The number of infants recorded as being affected by this fluctuated from 203 in 2015-16, to 190 in 2016-17 and 191 in 2017-18.
There were 120 such births in the Grampian region over this period and 63 in NHS Lothian between 2015 and 2017 - the board having only provided data for that period.
NHS Tayside gave figures for births in the calendar years 2015, 2016 and 2017, with the number of infants born addicted totalling 61 over this period.
Mr Cole-Hamilton said the problem could be avoided "with the right combination of policies and support to help those misusing drugs".
'Still in recovery'
He added: "If the Scottish government is committed to giving every Scottish child the best start in life, it needs to take a progressive approach to drug policy and tackle the horrendous levels of drug misuse, life-long addictions and unnecessary deaths.
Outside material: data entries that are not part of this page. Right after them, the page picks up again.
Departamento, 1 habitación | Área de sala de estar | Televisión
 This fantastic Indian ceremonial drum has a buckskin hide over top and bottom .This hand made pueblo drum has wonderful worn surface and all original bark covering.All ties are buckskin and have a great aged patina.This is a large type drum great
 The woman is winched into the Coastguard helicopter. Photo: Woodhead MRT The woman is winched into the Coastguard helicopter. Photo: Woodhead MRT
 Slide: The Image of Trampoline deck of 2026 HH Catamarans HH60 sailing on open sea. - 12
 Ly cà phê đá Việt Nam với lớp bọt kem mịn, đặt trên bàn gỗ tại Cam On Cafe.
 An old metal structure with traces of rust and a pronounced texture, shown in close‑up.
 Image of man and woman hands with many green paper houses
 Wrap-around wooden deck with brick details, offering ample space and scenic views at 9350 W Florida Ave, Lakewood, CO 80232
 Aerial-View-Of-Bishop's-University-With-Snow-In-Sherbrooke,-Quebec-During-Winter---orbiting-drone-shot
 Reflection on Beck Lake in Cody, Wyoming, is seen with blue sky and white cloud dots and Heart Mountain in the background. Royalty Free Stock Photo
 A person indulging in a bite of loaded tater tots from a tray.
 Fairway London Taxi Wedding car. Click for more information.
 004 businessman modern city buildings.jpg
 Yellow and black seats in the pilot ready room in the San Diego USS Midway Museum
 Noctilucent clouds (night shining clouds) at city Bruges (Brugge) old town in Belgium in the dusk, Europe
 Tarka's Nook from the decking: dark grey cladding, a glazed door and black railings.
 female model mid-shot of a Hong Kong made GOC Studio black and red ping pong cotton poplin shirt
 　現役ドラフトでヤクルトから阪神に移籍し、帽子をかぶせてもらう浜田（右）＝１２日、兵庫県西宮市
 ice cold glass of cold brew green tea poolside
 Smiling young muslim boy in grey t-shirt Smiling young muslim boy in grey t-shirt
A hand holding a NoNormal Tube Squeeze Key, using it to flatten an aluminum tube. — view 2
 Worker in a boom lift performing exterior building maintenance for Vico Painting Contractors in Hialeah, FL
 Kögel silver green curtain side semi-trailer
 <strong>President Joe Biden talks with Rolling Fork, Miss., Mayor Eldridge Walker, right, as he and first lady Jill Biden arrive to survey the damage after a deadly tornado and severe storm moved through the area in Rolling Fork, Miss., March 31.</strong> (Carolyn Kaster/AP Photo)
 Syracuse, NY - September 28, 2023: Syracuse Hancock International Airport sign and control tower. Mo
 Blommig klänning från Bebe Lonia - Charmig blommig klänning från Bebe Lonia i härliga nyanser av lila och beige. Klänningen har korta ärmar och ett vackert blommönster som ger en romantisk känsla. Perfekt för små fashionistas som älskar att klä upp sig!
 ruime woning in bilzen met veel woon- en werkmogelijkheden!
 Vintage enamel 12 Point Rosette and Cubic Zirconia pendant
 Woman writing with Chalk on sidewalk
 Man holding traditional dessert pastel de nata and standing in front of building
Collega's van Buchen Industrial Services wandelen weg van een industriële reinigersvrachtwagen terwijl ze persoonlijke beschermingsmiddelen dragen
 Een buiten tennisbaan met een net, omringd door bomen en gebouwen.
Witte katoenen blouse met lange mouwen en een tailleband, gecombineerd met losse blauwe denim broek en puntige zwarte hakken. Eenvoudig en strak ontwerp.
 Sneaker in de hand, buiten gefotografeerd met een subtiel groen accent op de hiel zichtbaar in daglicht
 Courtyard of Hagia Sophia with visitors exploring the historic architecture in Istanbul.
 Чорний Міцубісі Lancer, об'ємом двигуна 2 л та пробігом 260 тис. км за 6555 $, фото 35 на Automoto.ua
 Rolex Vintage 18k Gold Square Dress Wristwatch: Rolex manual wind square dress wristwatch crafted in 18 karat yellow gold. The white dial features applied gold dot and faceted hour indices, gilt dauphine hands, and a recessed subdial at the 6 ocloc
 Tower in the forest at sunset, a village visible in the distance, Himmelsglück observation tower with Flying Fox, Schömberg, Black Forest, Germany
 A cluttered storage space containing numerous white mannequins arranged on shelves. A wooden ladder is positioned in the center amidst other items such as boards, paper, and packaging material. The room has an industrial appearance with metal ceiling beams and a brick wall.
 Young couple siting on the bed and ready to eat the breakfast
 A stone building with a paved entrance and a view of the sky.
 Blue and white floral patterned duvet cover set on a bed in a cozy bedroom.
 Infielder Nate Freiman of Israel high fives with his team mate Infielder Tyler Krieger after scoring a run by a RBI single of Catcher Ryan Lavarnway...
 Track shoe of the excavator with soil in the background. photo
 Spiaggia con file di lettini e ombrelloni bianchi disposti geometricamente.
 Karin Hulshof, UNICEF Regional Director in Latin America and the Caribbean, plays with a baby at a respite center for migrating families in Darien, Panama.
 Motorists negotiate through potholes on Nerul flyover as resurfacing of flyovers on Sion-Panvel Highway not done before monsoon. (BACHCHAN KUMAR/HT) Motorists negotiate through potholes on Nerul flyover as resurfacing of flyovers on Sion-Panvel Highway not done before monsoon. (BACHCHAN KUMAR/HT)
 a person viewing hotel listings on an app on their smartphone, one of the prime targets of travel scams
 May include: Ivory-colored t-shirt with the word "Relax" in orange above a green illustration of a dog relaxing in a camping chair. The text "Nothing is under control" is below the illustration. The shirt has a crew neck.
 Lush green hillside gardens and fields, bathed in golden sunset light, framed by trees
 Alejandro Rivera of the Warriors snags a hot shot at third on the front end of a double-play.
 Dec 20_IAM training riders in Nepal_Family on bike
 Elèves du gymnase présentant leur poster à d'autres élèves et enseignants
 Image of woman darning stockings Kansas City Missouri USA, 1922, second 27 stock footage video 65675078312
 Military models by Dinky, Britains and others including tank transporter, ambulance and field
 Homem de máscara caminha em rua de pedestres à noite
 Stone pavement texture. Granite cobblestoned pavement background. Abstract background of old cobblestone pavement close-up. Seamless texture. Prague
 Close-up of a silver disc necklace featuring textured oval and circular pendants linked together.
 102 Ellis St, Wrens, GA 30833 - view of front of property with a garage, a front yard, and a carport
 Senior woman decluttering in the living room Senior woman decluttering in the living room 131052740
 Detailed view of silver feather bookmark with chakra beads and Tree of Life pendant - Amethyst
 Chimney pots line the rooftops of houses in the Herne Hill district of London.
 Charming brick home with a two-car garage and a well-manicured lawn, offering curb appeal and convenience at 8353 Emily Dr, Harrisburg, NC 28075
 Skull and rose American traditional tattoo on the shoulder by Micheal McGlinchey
"Alcohol and drug partnerships were set back massively by the Scottish government's brutal £20m funding cuts. It was rightly overturned two years later but the sector is still in recovery. It can't happen again.
"We also need a new national strategy that is finally focused on treating drug misuse as a health issue, supporting people instead of criminalising and penalising them."
The Scottish government said its new combined drug and alcohol strategy would focus on "how services can adapt to meet the needs of those most in need".
A spokesman said: "We have recently released further funding to reduce the harms caused by alcohol and drugs, bringing the total provided to more than £70m this financial year.
"This is in addition to the £746m we have invested to tackle alcohol and drug use since 2008."